Soon, Aleksandra put the schoolhouse to good use, turning it into an orphanage. Seventy children soon called Aleksandra’s orphanage home, including 25 Jewish children who survived a Nazi massacre of the Jewish community of Cherkasy. Aleksandra registered each Jewish child as a Christian Ukrainian, although if they had dark features, she claimed they were Greek or Tartar, thus saving their lives.

One Jewish child saved by Aleksandra was 11-year-old Erlen Baranovskiy, who had watched the Nazis murder his grandmother. Another child rescued was 4-year-old Vladimir Pinkusovich, who Aleksandra rescued from a prison camp where he’d been sent with his parents. Both of these children, as well as many more, survived because of the brave woman’s conviction.

The Gestapo long suspected that Aleksandra was harboring Jewish children, so often searched the orphanage and interrogated her and those who helped her. Because Aleksandra spoke fluent German, she convinced the head Nazi that any suspicions were unfounded, and he even began helping the children financially, unaware that they were Jews!

As the Red Army approached Kyiv, the Nazis began to march the orphans to Germany. But Aleksandra managed to escape with the children, and survived with them in a remote village with little food or shelter until liberation.

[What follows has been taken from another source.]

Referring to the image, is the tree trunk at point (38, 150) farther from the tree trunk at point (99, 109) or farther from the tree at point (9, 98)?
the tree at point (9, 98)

Because of Aleksandra Shulezhko’s bravery, many Jewish lives were saved, including Erlen and Vladimir, both of whom kept in contact with Aleksandra until her death in 1994, even referring to her as “Mother.” And this woman, who had once been labeled an “enemy of the people,” was indeed a friend of the Jewish people, for which she was named a Righteous Gentile by Yad Vashem.